Stored records
────

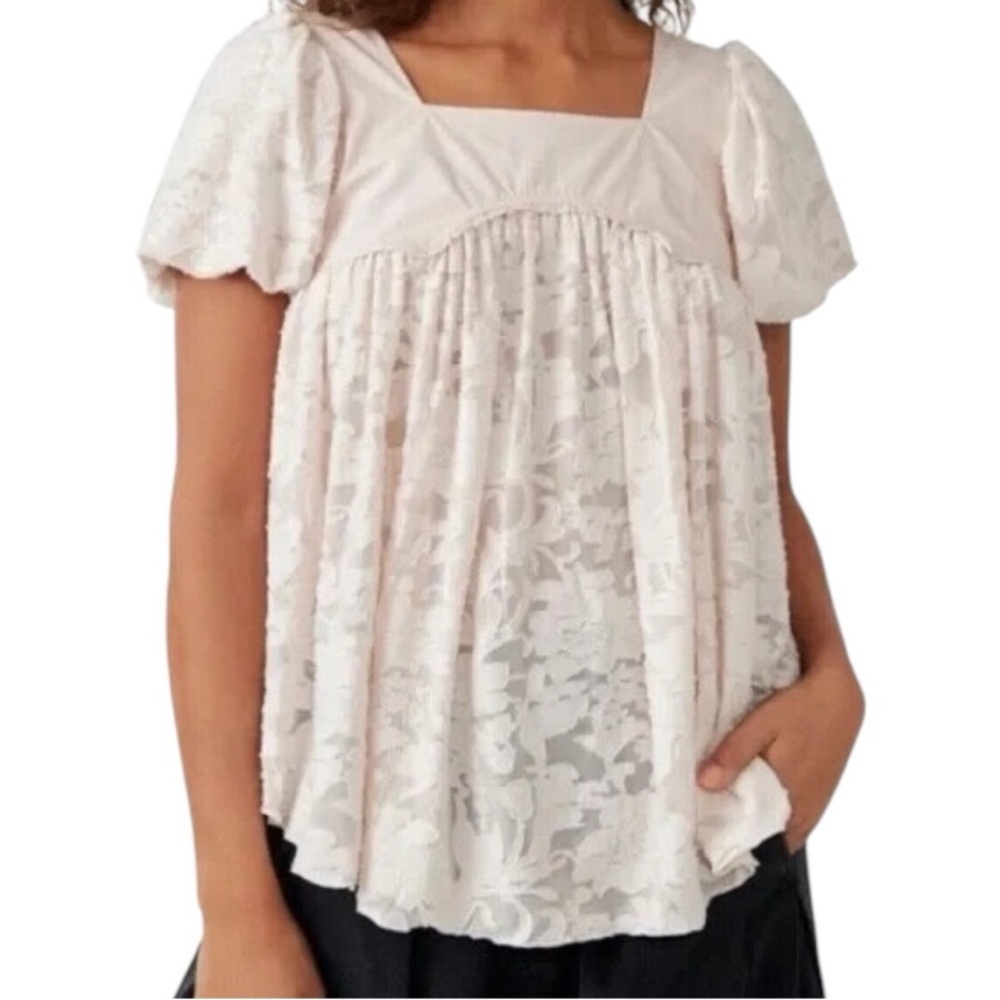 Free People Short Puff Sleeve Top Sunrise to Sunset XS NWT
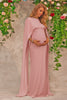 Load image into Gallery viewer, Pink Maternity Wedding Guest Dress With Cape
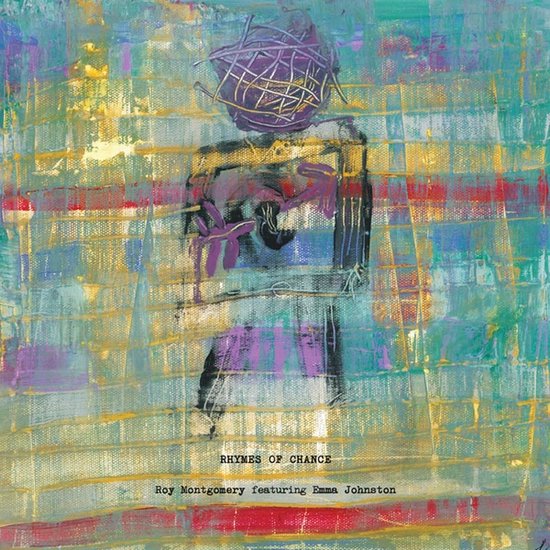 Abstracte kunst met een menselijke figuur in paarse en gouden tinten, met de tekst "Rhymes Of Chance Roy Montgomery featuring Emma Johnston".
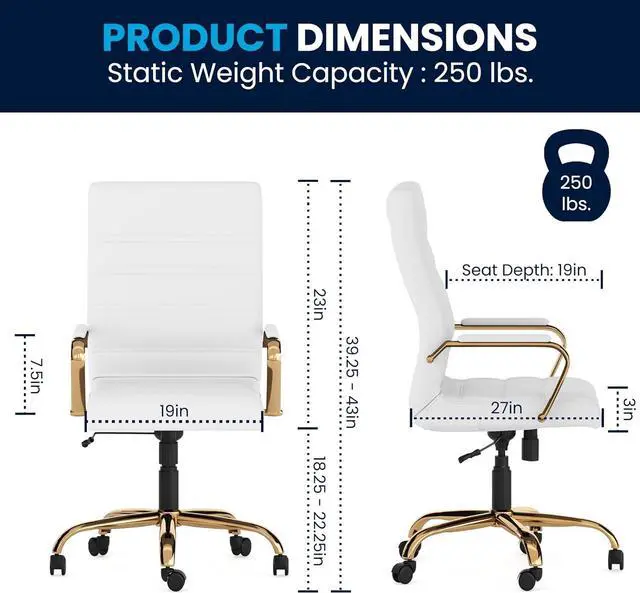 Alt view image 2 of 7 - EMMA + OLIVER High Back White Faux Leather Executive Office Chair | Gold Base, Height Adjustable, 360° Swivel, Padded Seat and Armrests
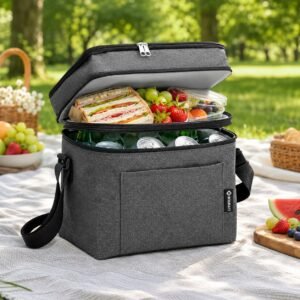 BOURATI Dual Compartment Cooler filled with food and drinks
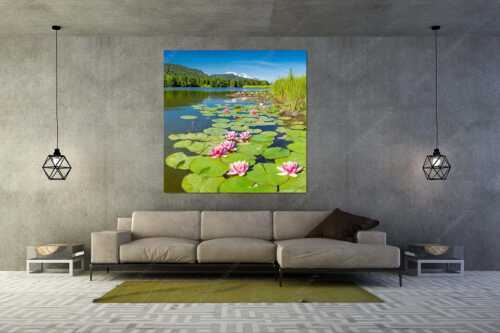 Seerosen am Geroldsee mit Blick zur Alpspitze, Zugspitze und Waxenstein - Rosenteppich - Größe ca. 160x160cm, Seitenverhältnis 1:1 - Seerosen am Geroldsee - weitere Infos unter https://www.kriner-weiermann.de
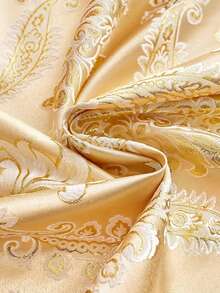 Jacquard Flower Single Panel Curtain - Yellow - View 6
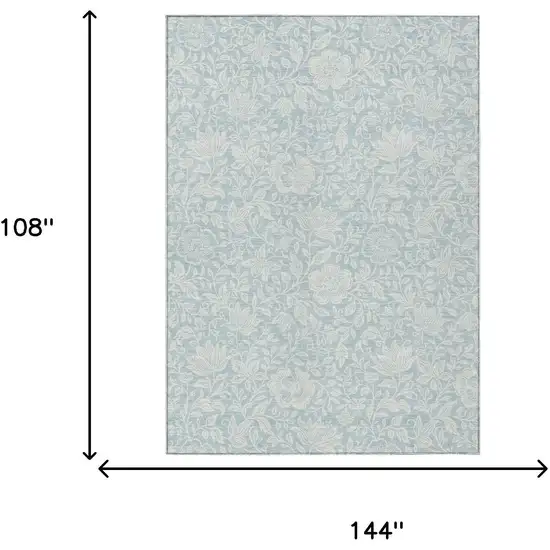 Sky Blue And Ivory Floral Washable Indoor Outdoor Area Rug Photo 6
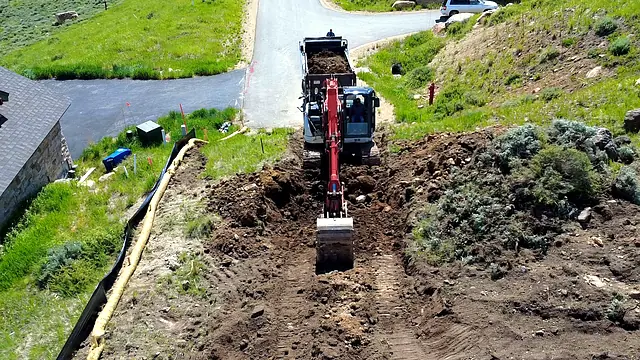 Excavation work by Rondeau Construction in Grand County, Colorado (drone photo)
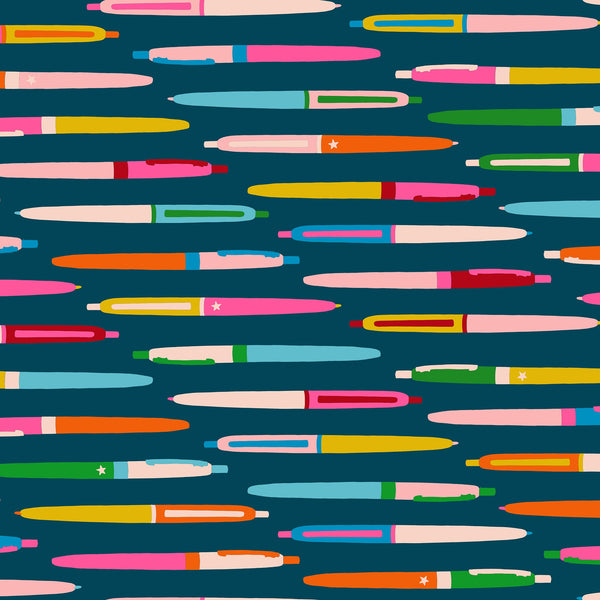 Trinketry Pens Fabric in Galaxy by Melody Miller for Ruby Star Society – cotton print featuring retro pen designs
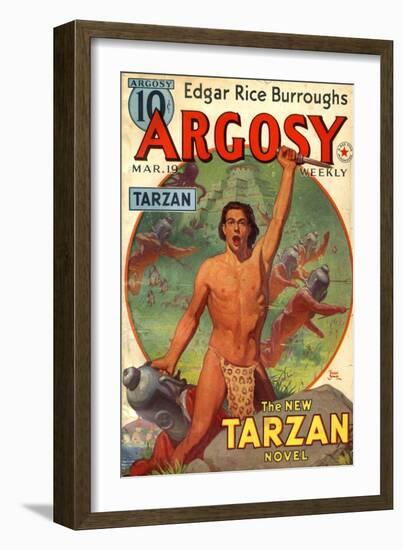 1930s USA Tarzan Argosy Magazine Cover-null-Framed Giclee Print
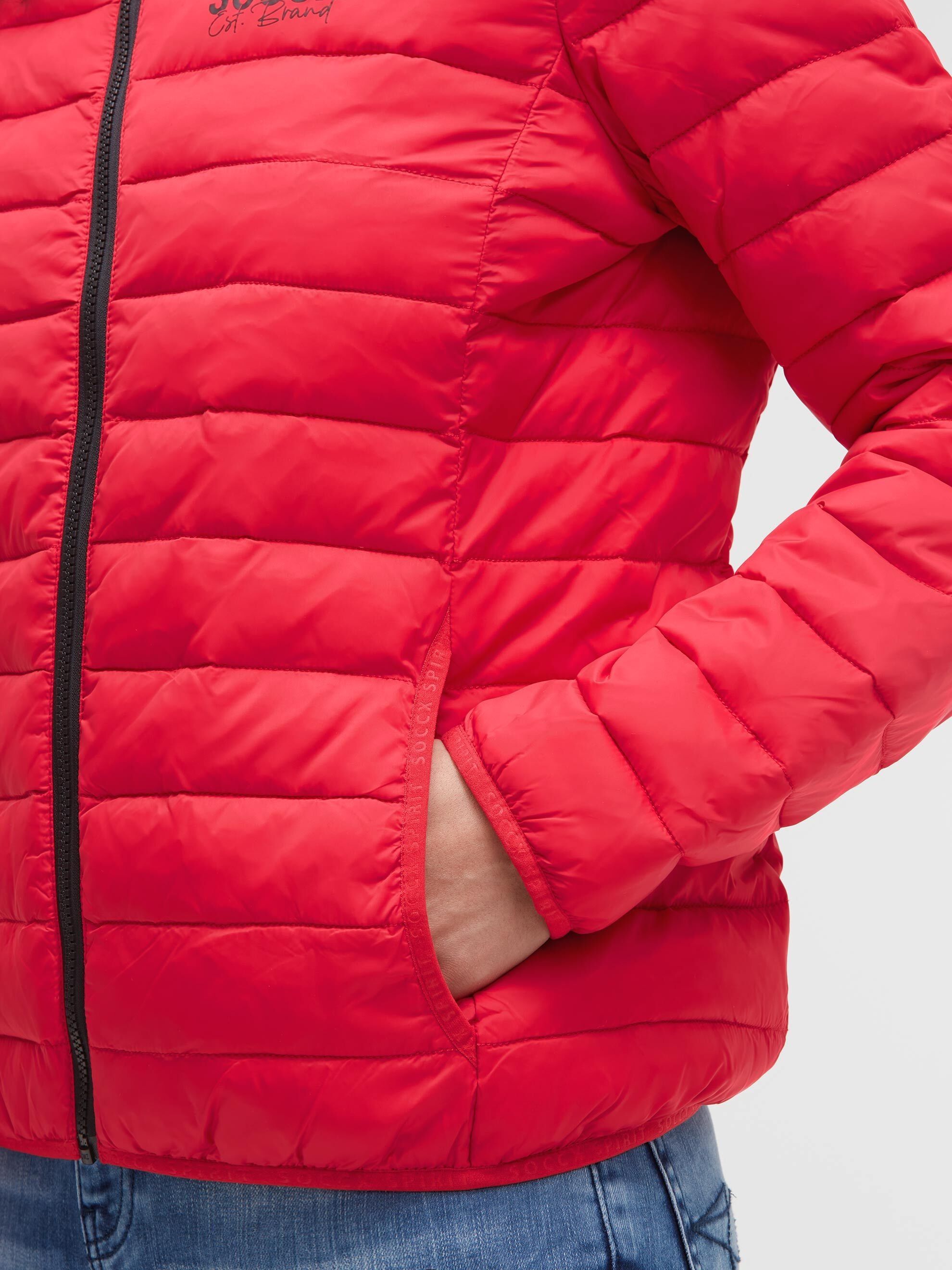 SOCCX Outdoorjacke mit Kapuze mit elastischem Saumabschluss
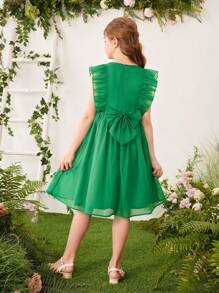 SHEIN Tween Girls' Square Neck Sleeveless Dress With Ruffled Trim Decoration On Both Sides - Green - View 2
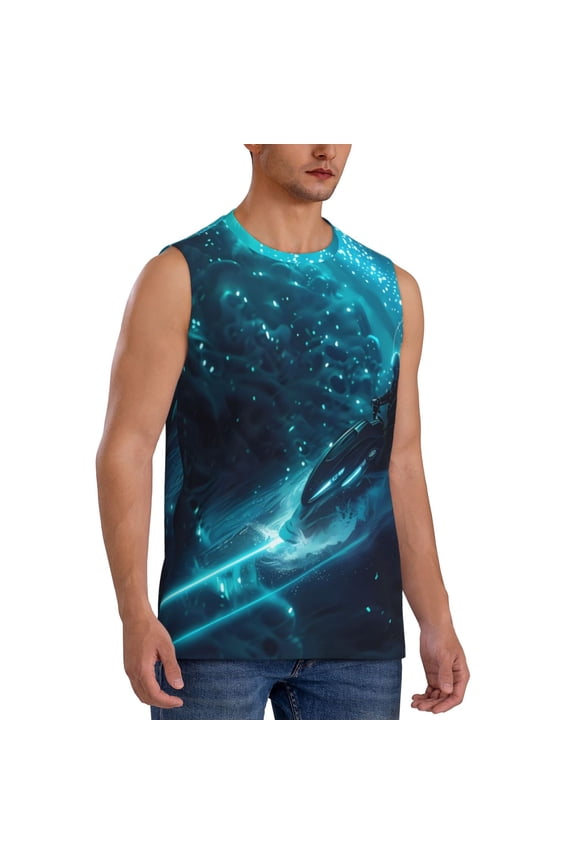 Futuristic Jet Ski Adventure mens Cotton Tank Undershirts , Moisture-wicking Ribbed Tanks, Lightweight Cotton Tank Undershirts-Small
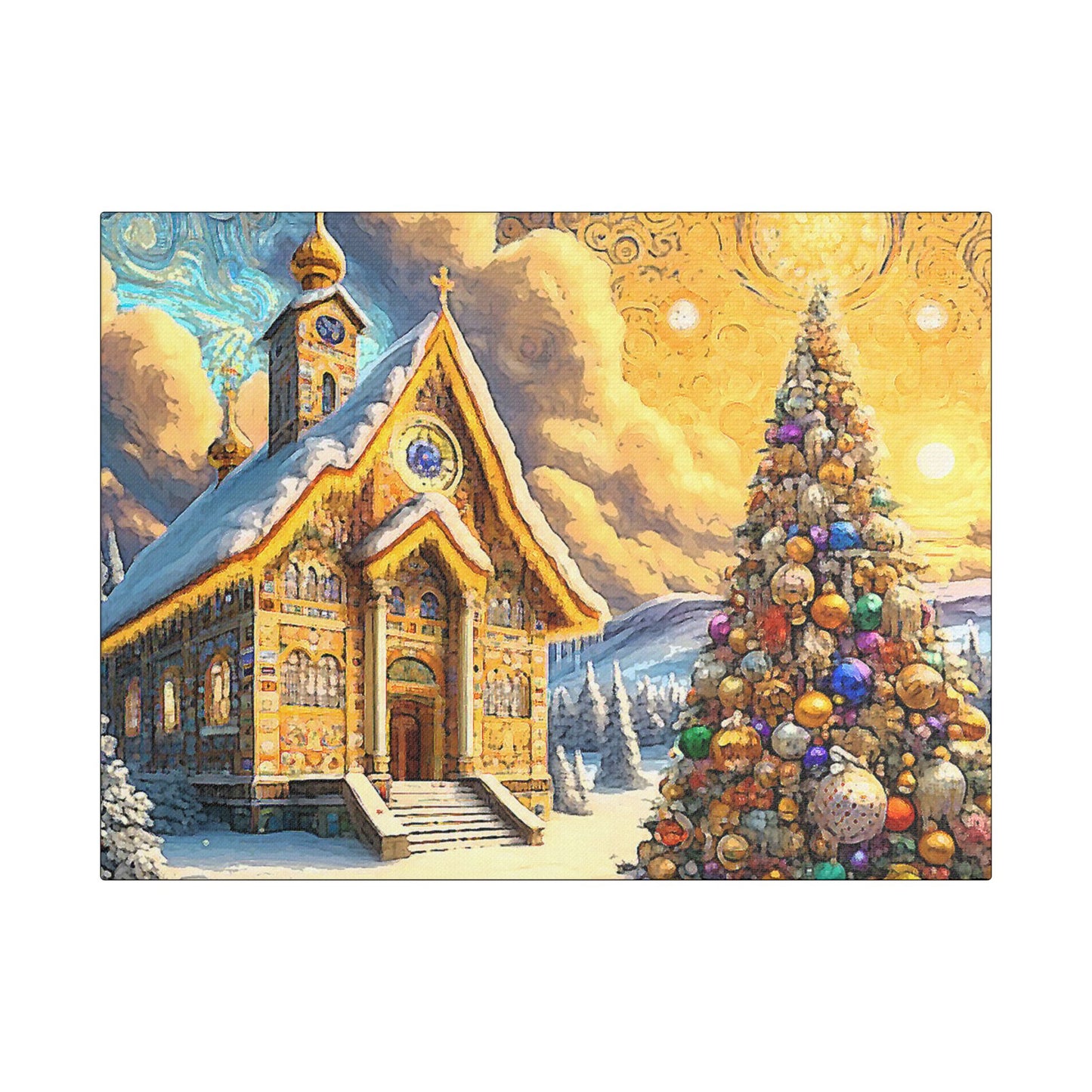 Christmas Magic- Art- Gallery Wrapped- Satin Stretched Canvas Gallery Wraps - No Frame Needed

────

→ **Exercise**: Your answer should be the exact lines above from the one containing "Alt view image" through the one containing "Seerosen am Geroldsee mit", with both end lines kept and the pictures removed, please.

→ **Answer to this task**:
 Alt view image 2 of 7 - EMMA + OLIVER High Back White Faux Leather Executive Office Chair | Gold Base, Height Adjustable, 360° Swivel, Padded Seat and Armrests
 BOURATI Dual Compartment Cooler filled with food and drinks
 Seerosen am Geroldsee mit Blick zur Alpspitze, Zugspitze und Waxenstein - Rosenteppich - Größe ca. 160x160cm, Seitenverhältnis 1:1 - Seerosen am Geroldsee - weitere Infos unter https://www.kriner-weiermann.de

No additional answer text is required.